Mariana Katzarova, Rapporteure spéciale sur la situation des droits de l'homme en Fédération de Russie, s'adresse au Conseil des droits de l'homme à Genève.
UN News/Dominika Tomaszewska-Mortimer
Mariana Katzarova, Rapporteure spéciale sur la situation des droits de l'homme en Fédération de Russie, s'adresse au Conseil des droits de l'homme à Genève.

Allégations de torture

La participation des poètes à l'événement contre la guerre a donné lieu à une enquête criminelle et à des accusations criminelles contre eux en vertu de la législation russe sur la sécurité nationale, pour « incitation à la haine ou à l'inimitié ou humiliation de la dignité d'une personne ou d'un groupe de personnes, commis par un groupe organisé » et « appelant à des actions visant à porter atteinte à la sûreté de l’État ».

Lorsqu'il a été arrêté le 26 septembre 2022, Artyom Kamardin s'est plaint d'avoir été gravement torturé et maltraité par un groupe de forces de l'ordre.
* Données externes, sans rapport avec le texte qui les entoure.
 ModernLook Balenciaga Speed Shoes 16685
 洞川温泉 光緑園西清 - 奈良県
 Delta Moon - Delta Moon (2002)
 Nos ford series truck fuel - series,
Cependant, la commission d'enquête du district Preobrazhensky de Moscou a refusé d'ouvrir une enquête pénale sur les allégations de torture. Le refus a été confirmé par une décision du tribunal du district Preobrazhensky.
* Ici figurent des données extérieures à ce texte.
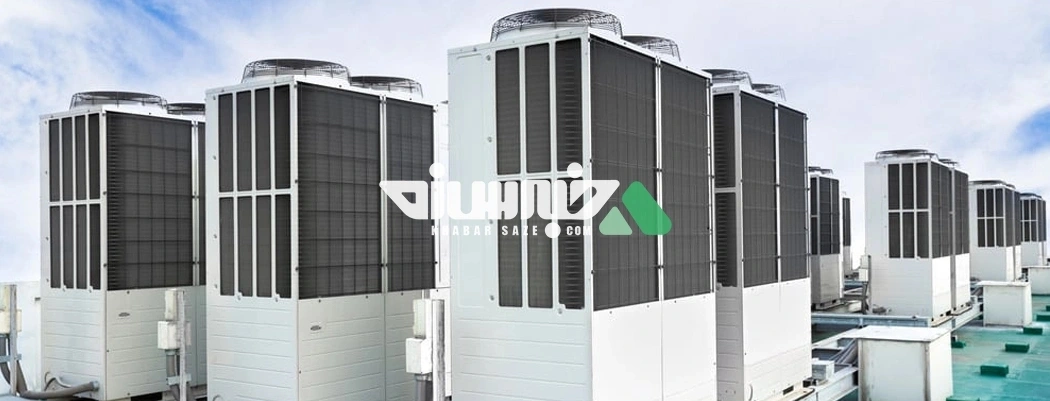 طراحی تهویه صنعتی کارآمد: نکات مهم و اصول اساسی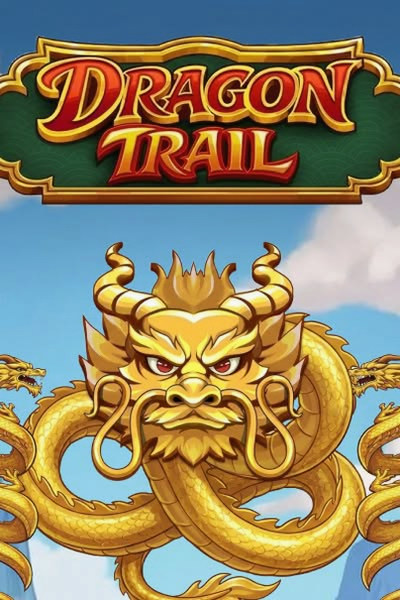 Slot machine Dragon Trail su Casinova Casino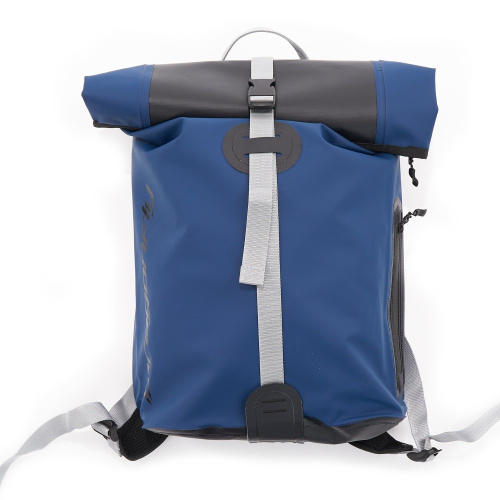 Dragonfly Герморюкзак DF Fold Bag Blue 22л в Махачкале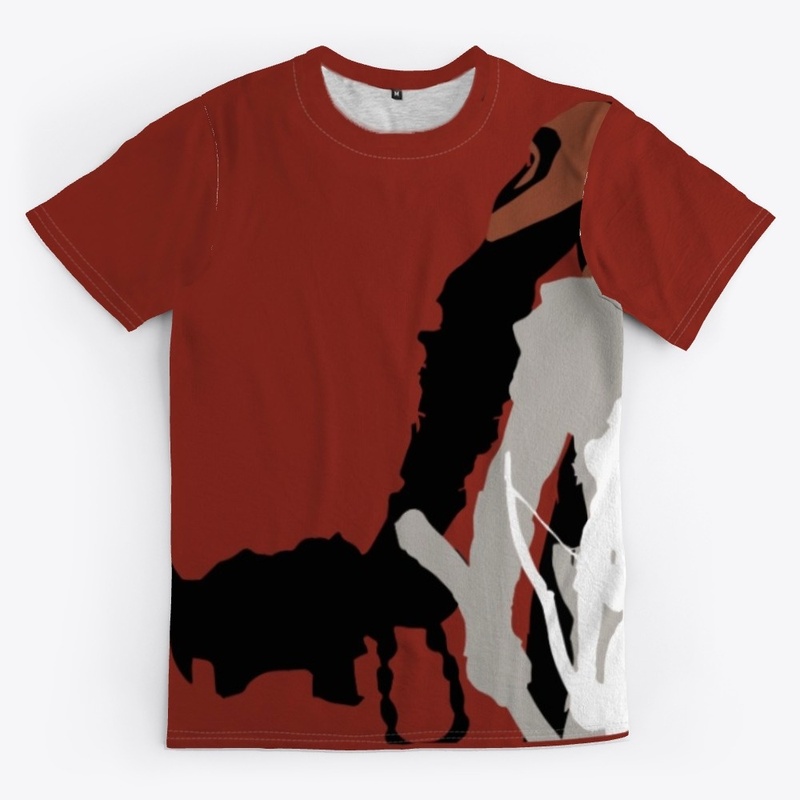 God Of War T-Shirt (2021)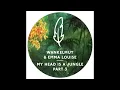 Wankelmut & Emma Louise - My Head Is A Jungle (MK Remix)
« La nature des accusations, la sévérité des peines et le déroulement du procès lui-même, fondé sur le témoignage d'un ‘témoin secret’, envoient un message clair à l'ensemble de la société russe : les voix dissidentes, que ce soit par la poésie, l'art ou d'autres formes d’expression, connaîtront de graves répercussions », a prévenu l’experte de l’ONU. « Les procès simulés sont devenus un outil d’intimidation incontournable visant à semer la peur et à décourager les autres de s’engager dans des expressions anti-guerre ».

La Rapporteure spéciale a demandé la libération immédiate d’Artyom Kamardin et d’Egor Shtovba. Elle a exhorté les autorités russes à accorder aux deux poètes des recours efficaces contre les violations de leurs droits humains.

« J'appelle les autorités russes à enquêter immédiatement sur les allégations de torture et de mauvais traitements contre M. Kamardin lors de son arrestation et à traduire en justice les responsables de ces crimes », a dit Mme Katzarova.

NOTE

Les Rapporteurs spéciaux et les groupes de travail font partie de ce que l'on appelle les procédures spéciales du Conseil des droits de l'homme. Les titulaires de mandat des procédures spéciales sont des experts indépendants en matière de droits de l'homme nommés par le Conseil des droits de l'homme pour traiter soit de situations nationales spécifiques, soit de questions thématiques dans toutes les régions du monde. Ils ne font pas partie du personnel de l'ONU et sont indépendants de tout gouvernement ou organisation. Ils servent à titre individuel et ne reçoivent pas de salaire pour leur travail.